The Commission made several recommendations, including the introduction of a mandatory code of conduct and appointing an industry regulator along with more transparent loyalty schemes. NZ authorities have accepted most of the recommendations and are taking keen action on the remaining few.
It is noted that one of the Commission's recommendations related to the review of competition in three years has been rejected by the Government, stating that the issues related to the lack of competition need to be addressed urgently as owing to global inflation and the increased cost of living, NZers are under pressure and not getting a fair deal. Hence, the duopoly needs to change.
The Government is of the view that the New Zealand market needs more competition and is working on the implementation of compulsory unit pricing on grocery products, thus giving shoppers the ability to better compare products.
With the above backdrop, let us skim through the three NZX-listed retail stocks.
Source: © Igorbukhlin | Megapixl.com
The Warehouse Group Limited (NZX:WHS)
First on the list is The Warehouse Group Limited, which is a leading retailer of general merchandise and apparel. It has a market cap of around NZ$1.19 billion.

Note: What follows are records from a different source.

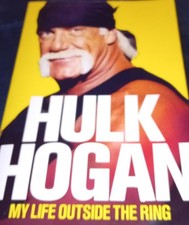 My Life Outside the Ring : A Memoir by Mark Dagostino and Hulk Hogan (2010,...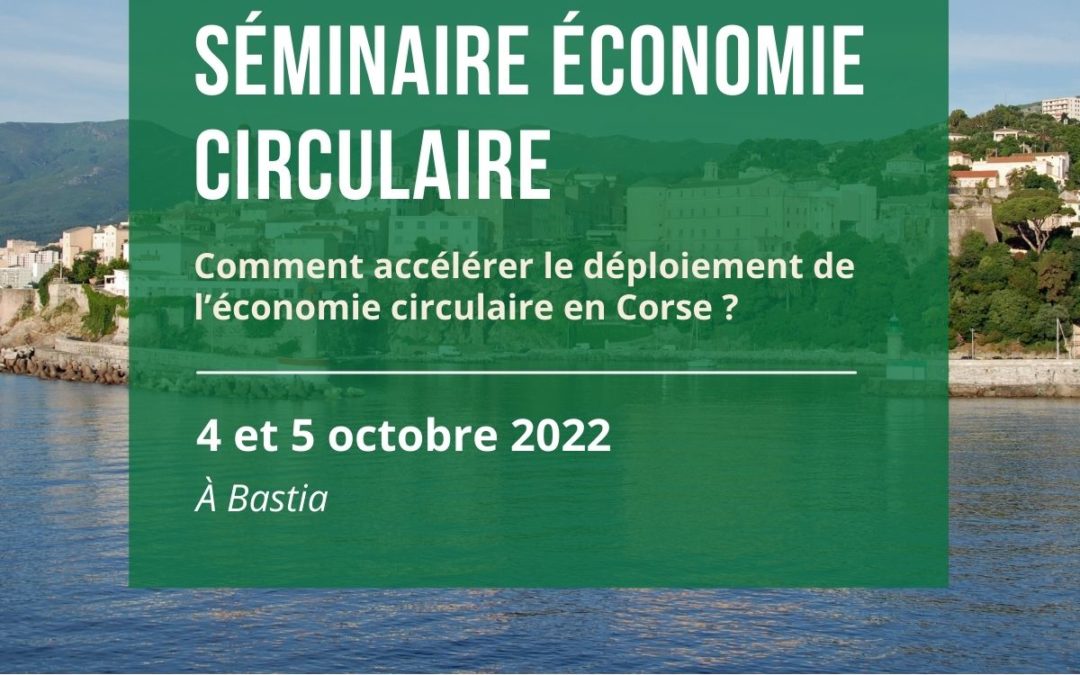 Séminaire Économie Circulaire – OEC & IµNEC : “Comment accélérer le déploiement de l’économie circulaire en Corse ?”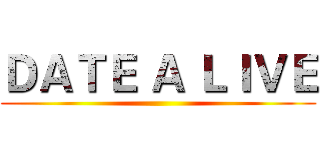 ＤＡＴＥ Ａ ＬＩＶＥ ()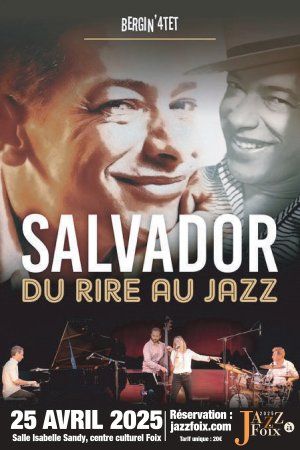 Salvador, du rire au jazz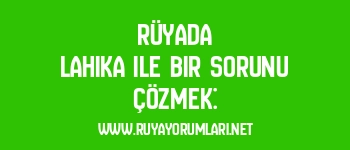 Rüyada Lahika ile Bir Sorunu Çözmek: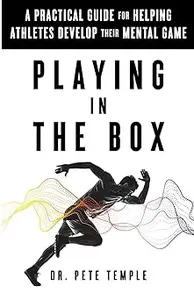 Playing in the Box A Practical Guide for Helping Athletes Develop Their Mental Game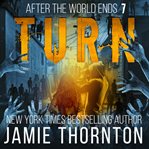 Turn : After The World Ends cover image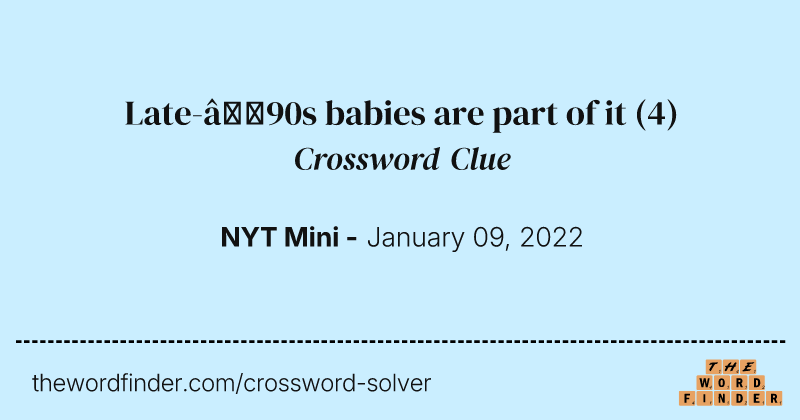 Late-’90s babies are part of it crossword clue image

Recently, the Group revealed that Will Easton, its director, has sought a departure from the Board.
Easton had been a valuable Board member, and the management acknowledged his extensive commercial and governance contribute to the Group.

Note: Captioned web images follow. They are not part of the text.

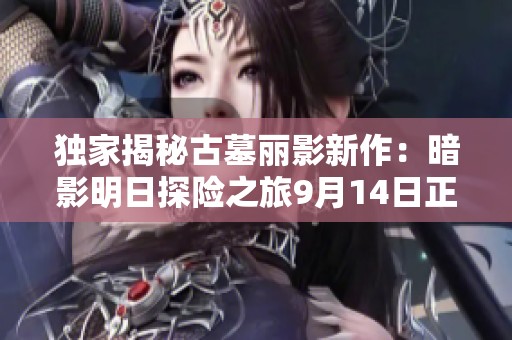 独家揭秘古墓丽影新作：暗影明日探险之旅9月14日正式开启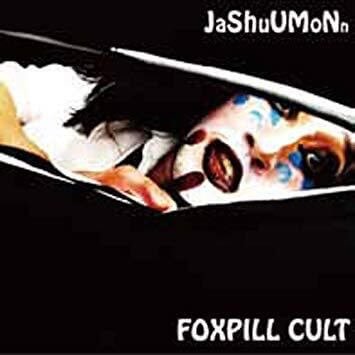 FOXPILL CULT - Jashuumonn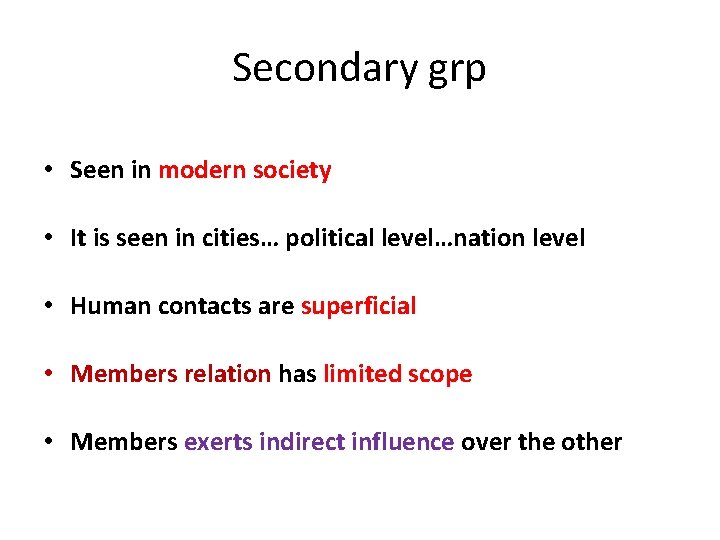 Secondary grp • Seen in modern society • It is seen in cities… political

At the market close on 31 May, WHS gained 2.39% to NZ$3.430.
Coming up next is Briscoe Group Limited, which derives its revenue from the retailing of homeware and sporting goods and has nearly NZ$1.31 billion as its market cap.
A few days back, the retailer had organised its Annual Shareholder Meeting in Auckland, which was also held virtually.
A resolution relating to the re-election of its retiring director, Rod Duke, was carried out by the shareholders. Also, Board members were empowered to fix the remuneration of PricewaterhouseCoopers, BGP's auditor, for the forthcoming year.
At the market close on 31 May, BGP was down 0.84% to NZ$5.900.
Topping off the list is Michael Hill International Limited, a well-known retail jewellery chain, having a market cap of nearly NZ$431 million.
A few days ago, the Company disclosed the sale of its Canadian credit receivables to Flexiti, a provider of consumer credit across Canada. As per the terms, the latter will offer third-party consumer credit to all the retailers’ stores located across Canada.
Proceeds amounting to nearly AU$12 million are to be received in early June, thus strengthening its cash position and balance sheet. Moreover, this partnership would enhance MHJ’s Canadian offering, resulting in the broadening of the retailer’s consumer base.
At the market close on 31 May, MHJ declined 1.77% to NZ$1.110.
NZ authorities are making all efforts to strengthen the competitiveness of its supermarkets and are working for Kiwi shoppers to get a price at the checkout.